The Wayuu people have long ago discovered groundwater sources in their desert environment. A low spot in the thorny landscape revealed trees that were lacking virtually everywhere else. Large, concrete wells were fashioned with locking metal tops so that others aren’t tempted to draw from their only freshwater source. The people created homes made from mud-bricks wherever they saw fit, and it was nearly impossible to tell why some chose their plots in the most random locations. Some were perched on top of cliffs, looking over the land from their vantage point and into the hot, dry air over the sea. I witnessed my first real sandstorm in Punta Gallinas. Huge, opaque sheets of blonde sediment swirled in slow motion in the distance. Goats munched on parched plants atop the large, blocky headlands while we processed all the beauty.
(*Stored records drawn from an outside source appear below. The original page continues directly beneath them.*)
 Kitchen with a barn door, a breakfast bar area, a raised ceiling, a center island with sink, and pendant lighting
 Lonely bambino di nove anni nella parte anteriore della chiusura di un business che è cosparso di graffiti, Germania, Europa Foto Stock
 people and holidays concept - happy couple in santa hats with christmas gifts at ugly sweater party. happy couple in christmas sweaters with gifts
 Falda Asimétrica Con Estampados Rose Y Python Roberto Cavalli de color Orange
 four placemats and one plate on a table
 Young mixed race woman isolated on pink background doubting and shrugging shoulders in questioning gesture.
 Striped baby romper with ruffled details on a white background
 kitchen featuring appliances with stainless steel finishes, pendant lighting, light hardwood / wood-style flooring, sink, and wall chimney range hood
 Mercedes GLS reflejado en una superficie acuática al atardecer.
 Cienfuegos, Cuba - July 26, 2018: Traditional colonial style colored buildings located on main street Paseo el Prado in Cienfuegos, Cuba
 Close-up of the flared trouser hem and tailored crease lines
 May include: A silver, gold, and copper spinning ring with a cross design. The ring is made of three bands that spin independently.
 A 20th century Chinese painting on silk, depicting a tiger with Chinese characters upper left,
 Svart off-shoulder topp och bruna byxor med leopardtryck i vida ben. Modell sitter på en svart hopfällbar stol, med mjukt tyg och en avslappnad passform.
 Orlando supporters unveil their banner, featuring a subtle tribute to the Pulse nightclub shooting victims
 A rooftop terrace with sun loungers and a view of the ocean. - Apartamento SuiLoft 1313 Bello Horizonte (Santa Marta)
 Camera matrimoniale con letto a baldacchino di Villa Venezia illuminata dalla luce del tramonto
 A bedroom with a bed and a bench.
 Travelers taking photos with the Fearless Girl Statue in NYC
We relocated the other hostel run by a guy named Chander, who set up an organized compound of sorts. The weird thing was there weren’t any other travelers around. We were the only ones there to enjoy hammocks, delicious food, and lots of good stories and laughter. As far away as this population is separated from the world they still love themselves some soccer. When a huge game between Colombia and Bolivia was on, a crowd of 15 grew at Chander’s house, presumably because he had satellite TV and a 24-hour generator. When space ran out in his modest dining room people spilled outside, grabbing whatever real estate the small window had to offer. After the game, Ofer organized a soccer match in the lifeless basketball court as the sun went down. Smiles, soccer, and memories ran deep into that night. There is a natural energy that kids latch onto with an almost impossibly effortless ease, and it definitely rubbed off on us. We played until we could barely see the ball anymore, loving every minute of being part of a game with strangers.
Life up in Punta Gallinas is simple. The ocean breathes life into the salty, dry air. At dawn, fathers take their kids out into the warm, choppy waters and pull massive fish from homemade nets. On the morning we left we sat perched on the cliffs at 6AM, while the sun was dissolving the thunderclouds that swept in the night before, watching the boats come back in with their bounties. The fish were almost bigger than the 4 year olds proudly carrying them back to their homes. I took in the entire vista around us as much as possible before our ride back to the mainland pulled in. We loaded the boat, and began our choppy ride back towards Cabo, and then onward to Uribia. The trip was exhausting, eye opening, and lasting. This was Class A traveling, through and through. I don’t know if we will ever get back to this tip of the continent again, but I’m sure glad that we were in that corner of the world.